January 10, 2020 · linux Don't Forget

Dig(ging) DNS

Dig (Domain Information Groper) is a command line utility that performs DNS lookup by querying name servers and displaying the result to you.

dig [server] [name] [type]

[server] – the IP address or hostname of the name server to query. If the server argument is the hostname then dig will resolve the hostname before proceeding with querying the name server. It is optional and if you don’t provide a server argument then dig uses the name server listed in /etc/resolv.conf.

[name] – the name of the resource record that is to be looked up.

[type] – the type of query requested by dig. For example, it can be an A record, MX record, SOA record or any other types. By default dig performs a lookup for an A record if no type argument is specified.

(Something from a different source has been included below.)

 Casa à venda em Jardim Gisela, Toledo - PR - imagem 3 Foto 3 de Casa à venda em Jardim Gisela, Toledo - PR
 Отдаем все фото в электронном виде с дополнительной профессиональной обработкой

By default, the dig command will display the A record when no other options are specified. The output will also contain other information like the installed dig version, technical details about the answers, statistics about the query, a question section along with few other ones.

dig talm.ai +noall +answer

This queries the answers section only, and stops displaying all the section using +noall option.

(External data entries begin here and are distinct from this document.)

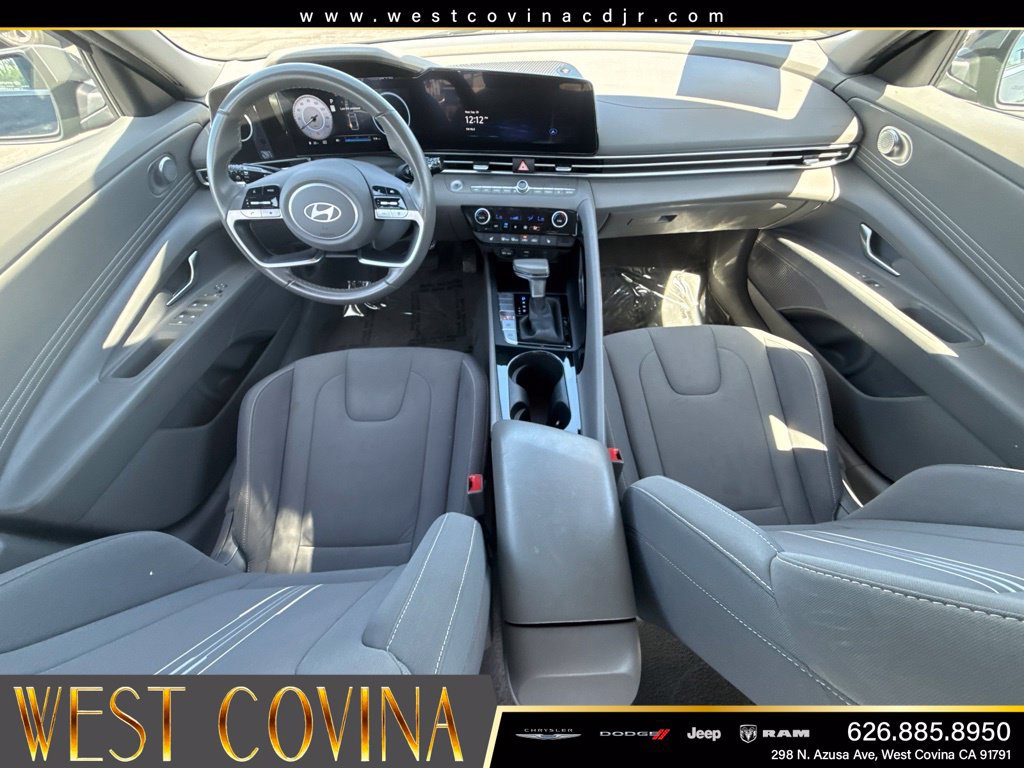 Used 2025 Hyundai Elantra SEL FWD image 24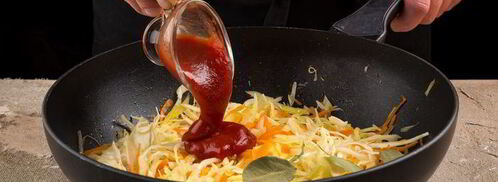 солянка с капустой по-домашнему. Шаг 6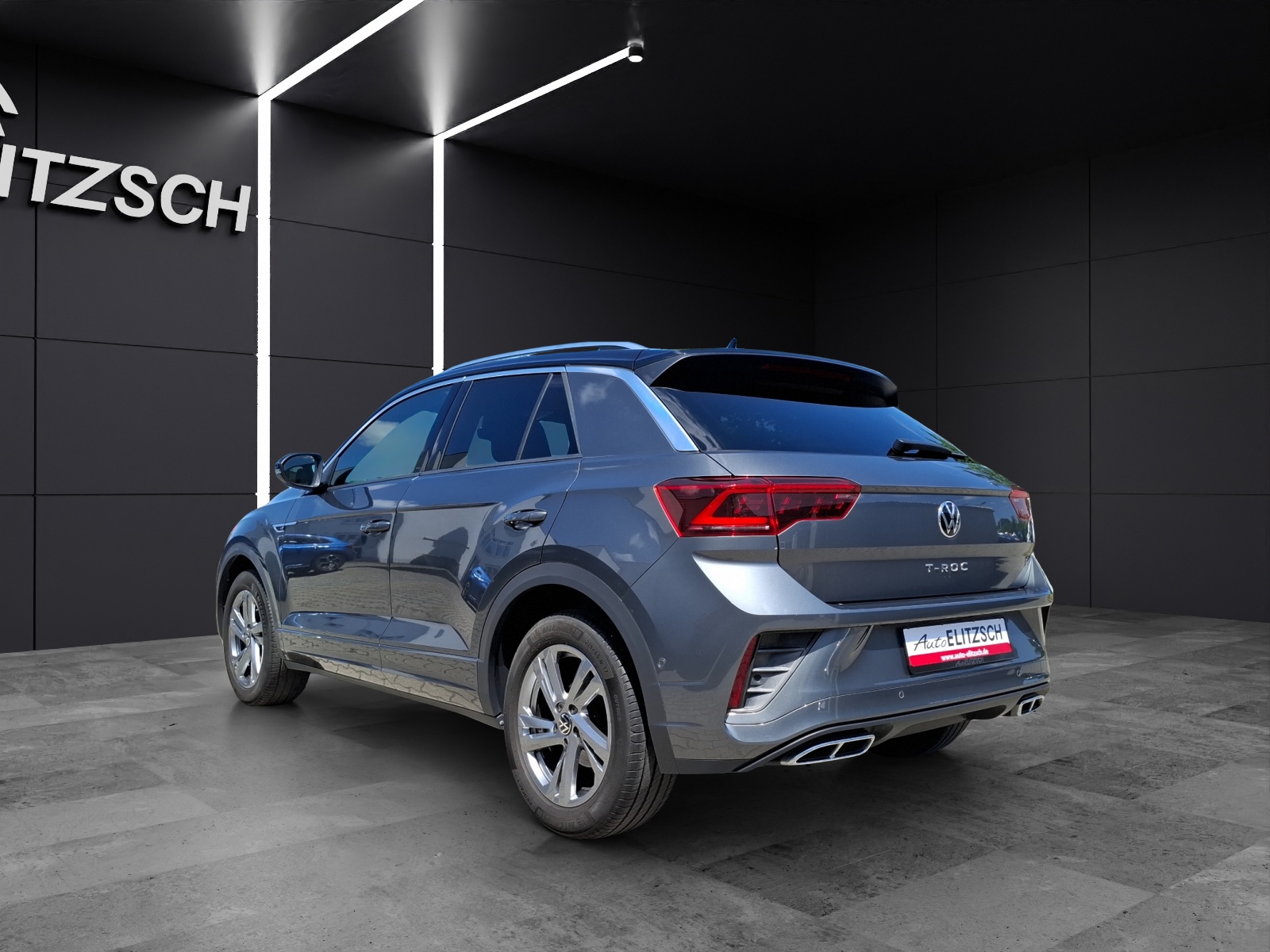 Fahrzeugabbildung Volkswagen T-Roc TSI R-Line DSG 4M Matrix Navi AID ACC Park-Assist SH LM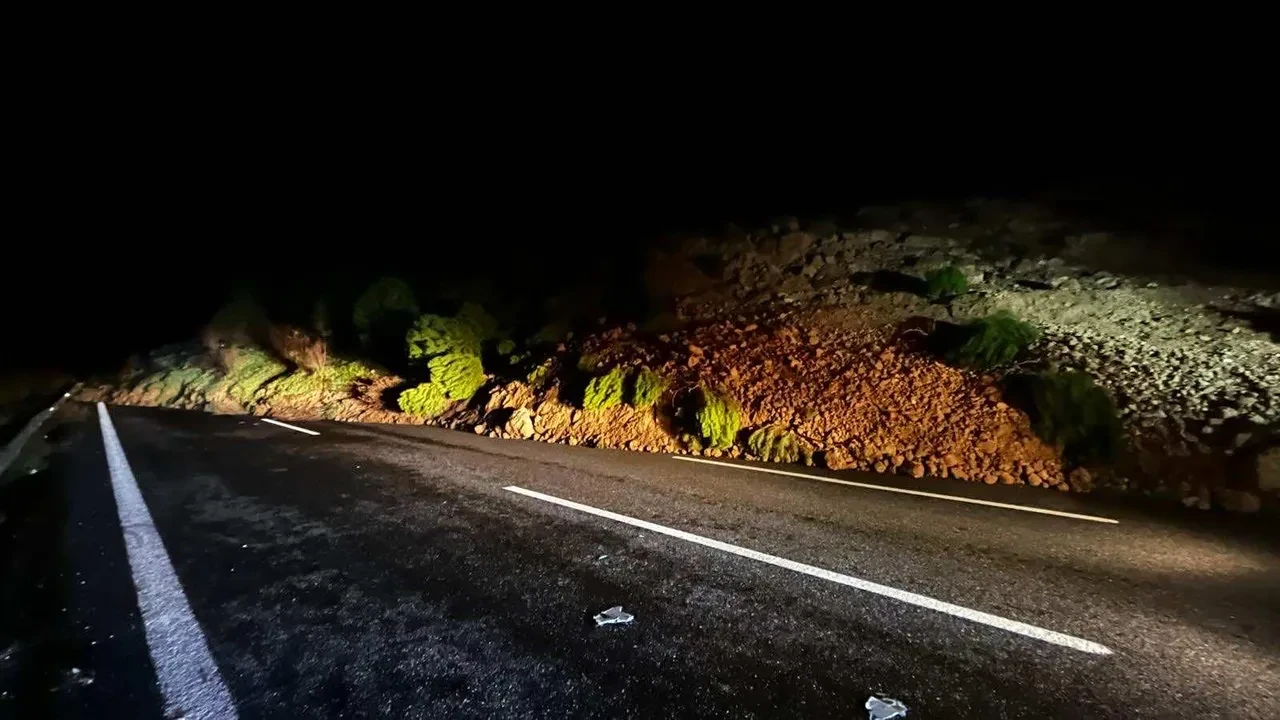 İstanbul-İzmir Otoyolu'nda heyelan! Her iki yön trafiğe kapatıldı
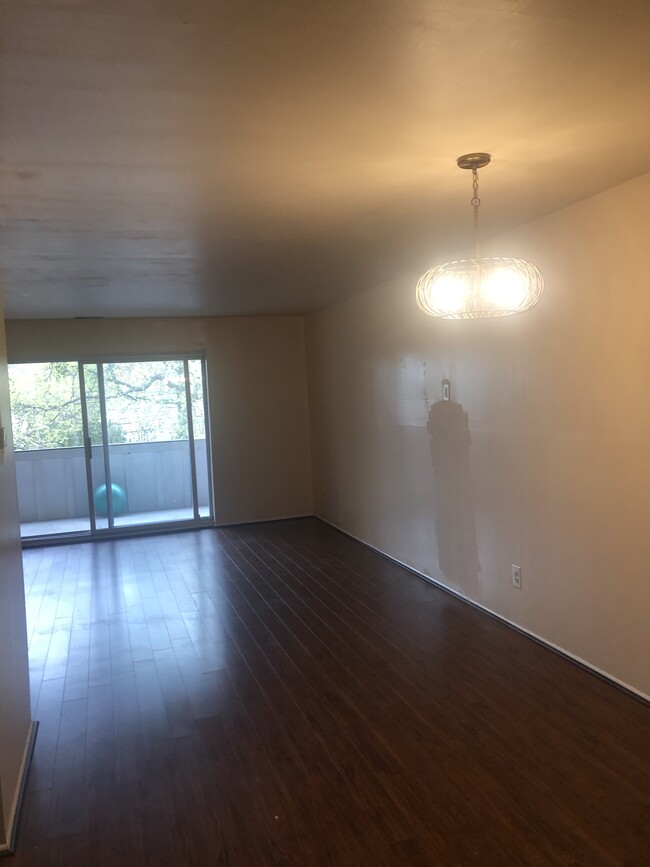 Living room - 46 Township Line Rd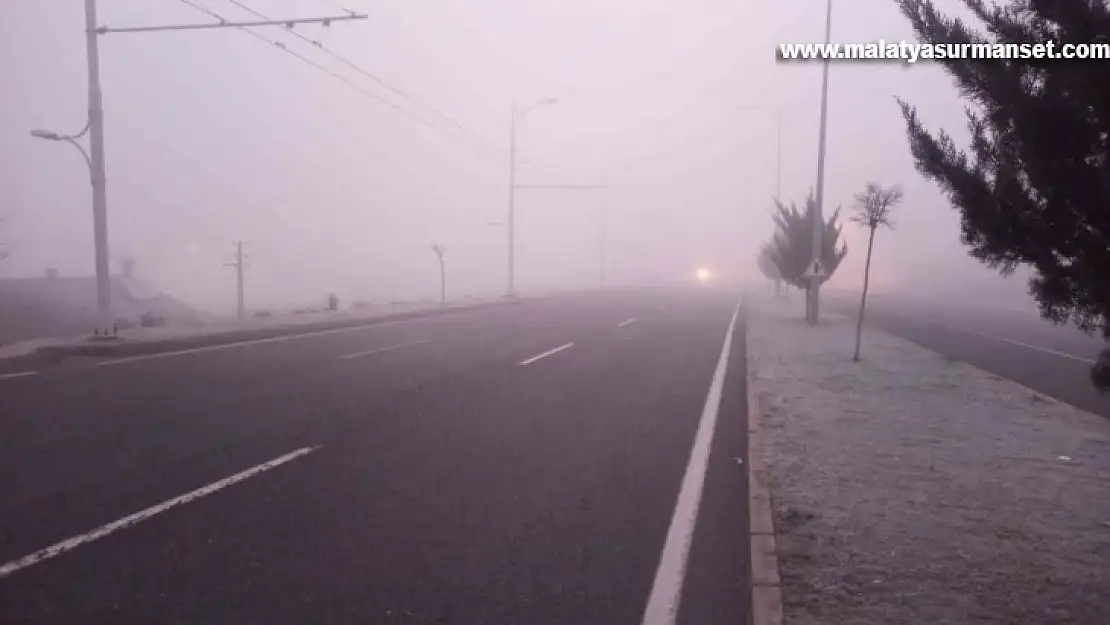 Malatya-Elazığ karayolunda sis etkili oldu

dig @ns.talm.ai +nocmd talm.ai ANY +multiline +answer

This queries all the available DNS record types associated with a domain (ANY), disabled the initial comment of the version of dig (+nocmd), show records in a verbose multi-line format with human-readable comments (+multiline), using the specified dns server.

dig talm.ai +trace

Dig allows tracing the DNS lookup path. The option makes iterative queries to resolve the name lookup. It will query the name servers starting from the root and subsequently traverses down the namespace tree using iterative queries following referrals along the way.

dig -x 34.214.202.205

To perform a reverse DNS lookup using the dig command use the –x option followed by your chosen IP address.